Print nothing beyond the line with "<b>YA ES HISTORIA.": every line from the beginning of the data up to it, that line included, and no pictures.

» **Data extract**
────────────────
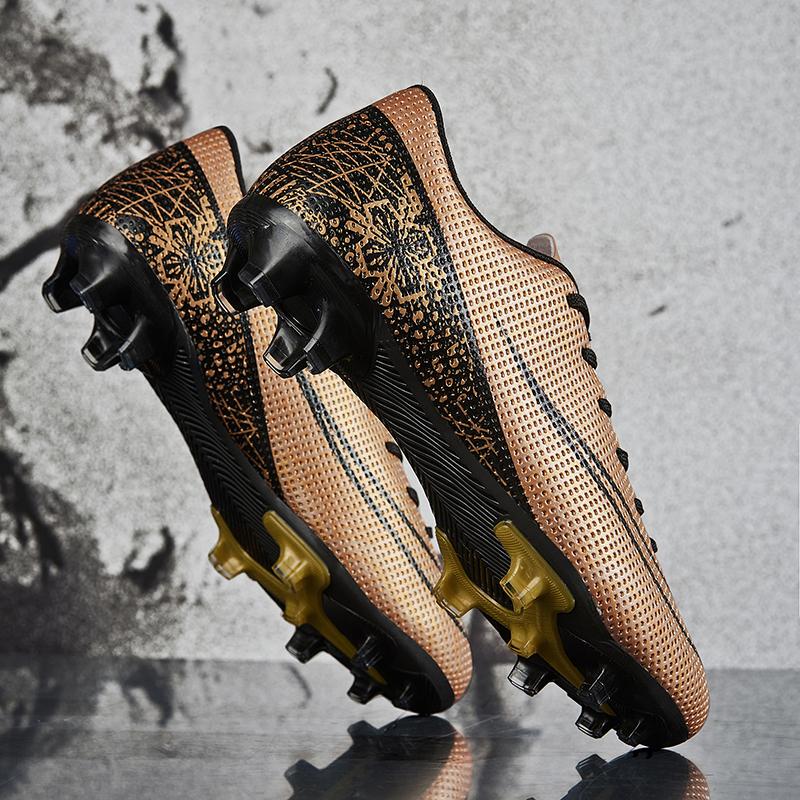 Men Soccer Shoes Kids Football Boots Women Professional Soccer Cleats Antiskid Low Top TF/FG Athletic Sports Football Shoes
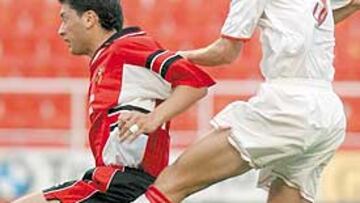 <b>YA ES HISTORIA. </b>El Ciudad de Murcia echó de la Copa al Sevilla hace tres años.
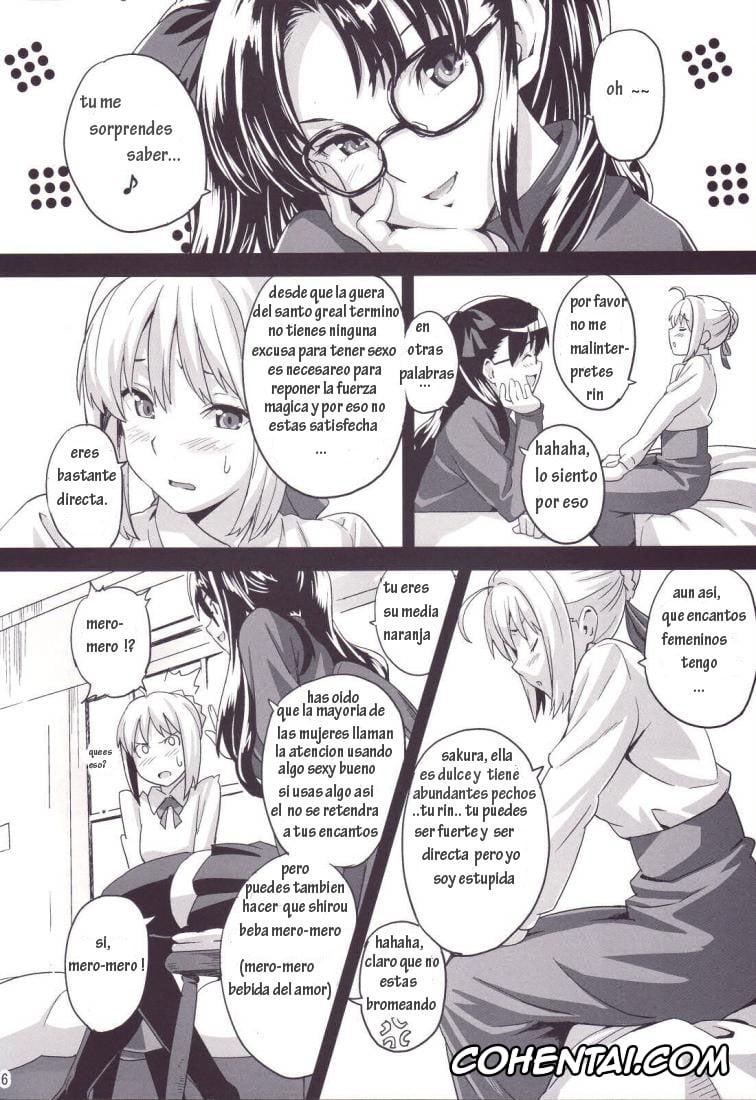 Fate/stay night xxx, Saber | Arturia Pendragon xxx, Shirou Emiya xxx, Outama King of Soul (Fate/stay night), pagina 4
────────────────
» **Written reply**
 Men Soccer Shoes Kids Football Boots Women Professional Soccer Cleats Antiskid Low Top TF/FG Athletic Sports Football Shoes
 <b>YA ES HISTORIA. </b>El Ciudad de Murcia echó de la Copa al Sevilla hace tres años.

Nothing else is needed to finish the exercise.